One of the more tantalizing prospects in the vocational truck world has been how to craft lightweight specification packages that offer improved fuel economy, more payload capacity, and more driver comfort without sacrificing performance or longevity.  That prospect is being complicated, to a degree, by a range of options that have only recently begun making their way more broadly into the vocational space, options such as automated transmissions, low rolling resistance tires, telematics systems, and alternative fuels, especially where natural gas is concerned.

“Key trends we’re seeing involve technology, telematics, increased efficiency and fuel economy through more integrated drivetrains,” notes Kurt Swihart, marketing director at Kenworth Truck.  “We have seen these trends in the over-the-road segment for a few years now and today vocational customers also want those added benefits.”

Vocational customers are always seeking lighter trucks, he adds,  so they can haul more payload while simultaneously lowering total cost of operation.

“The biggest issue that we have seen involves the change in tires, both tread design and rolling resistance,” Swihart says. “[Such] changes can potentially impact off-road traction, so we remind customers to ask questions about the new tires to ensure they can get the best tires selected for their particular intended service.”

It is also vitally important to ask questions when the subject turns to natural gas, he points out.
“Converting your fleet to natural gas is a basic business decision, and it doesn’t always pencil out to do it,” Swihart stresses. “There is, however, a definite business case to go with natural gas in vocational segments, such as ready-mix, refuse and bulk haul, where trucks are returned to base every night.”

“Customers ideally want it all—lighter trucks, lower operating costs and a lower price—but there are trade-offs,” cautions John Felder, manager of product marketing for Volvo Trucks North America.

Managing such trade-offs is critical, he says, especially in terms of boosting vehicle productivity, which in the vocational market is still the key to generating more revenue.

That all gets factored into what David Hames, general manager of marketing and strategy for Daimler Trucks North America, calls the “real cost of ownership” or RCO, calculation in the vocational truck space.

“Productivity is the language of the vocational market, just as efficiency is the language of the over-the-road market,” he explains. “A concrete company, for instance, wants to know whether it can pour three driveways in a day instead of two.”

Stu Russoli, vocational segment product manager at Mack Trucks, notes that making specific spec’ing changes to enhance productivity—be it through more payload, better fuel economy, etc. —really occurs on a case-by-case basis for each vocational application. “But the real number one key for all of them at the end of the day is uptime; you’ve got to keep the truck up and running to make money,” he stresses. “That’s why uptime is a top TCO [total cost of operation] factor now.”

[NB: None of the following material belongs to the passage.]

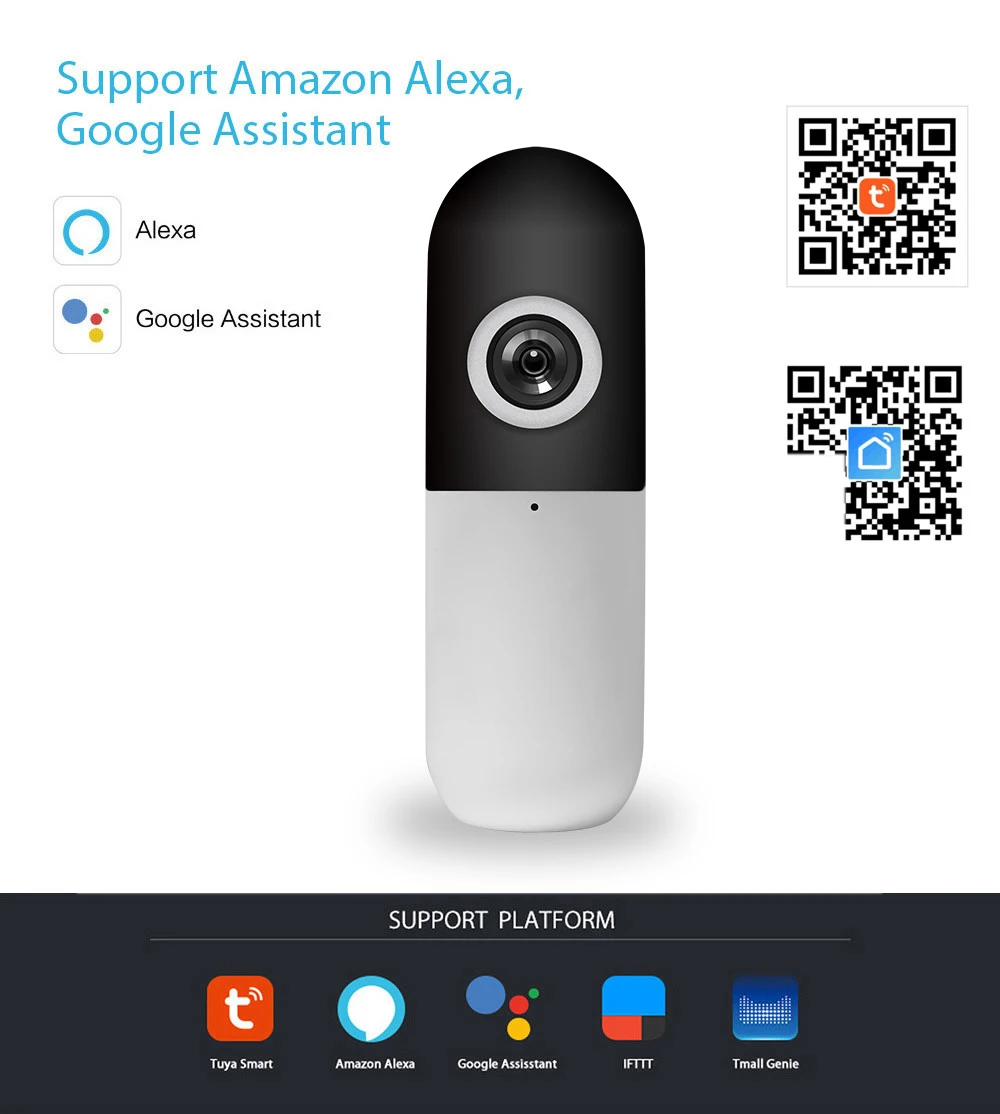 1080P HD Tuya Smart Life Alexa Wireless IP Camera Two Way Audio Pan Tilt Digital Zoom Security Smart WiFi Camera
1080P HD Tuya Smart Life Alexa Wireless IP Camera Two Way Audio Pan Tilt Digital Zoom Security Smart WiFi Camera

In Russoli’s view, many vocational fleets are going lighter with smaller engines in order to gain more payload capacity. “Typically, vocational trucks gross out before they cube out, so especially with [concrete] mixers we see many going to 11L versus 13L engines. Dump trucks will go [to] smaller [engines] to gain more payload if the regular route is not too demanding. But there are still a lot of 13L engines in the heavy-duty end of the market.”

When it comes to fuel efficiency, Russoli says, it’s not necessarily miles per gallon that matters, but hours per gallon.  “It comes down to the question of whether a truck can make it through its workday without refueling. Better fuel efficiency means spec’ing a 75-gal. versus an 80-gal. fuel tank yet still without having to refuel during the work shift,” he explains. “You create downtime for refueling, so avoiding that with a smaller fuel tank improves both productivity and fuel economy.”

David Hillman, general manager-vocational product line at Navistar, echoes that view. “Clearly, vocational customers do care about fuel efficiency; it’s a common misperception that they don’t,” he stresses. “But that concern varies by fleet. Fuel economy is important, but the truck still must meet basic application requirements. That’s why fuel economy falls into the customer’s prioritization of product attributes differently depending on the application.”

Russoli emphasizes that vocational fleets want to gain advantages such as better fuel efficiency yet still want to maintain a 12- to 15-year ownership cycle for their trucks.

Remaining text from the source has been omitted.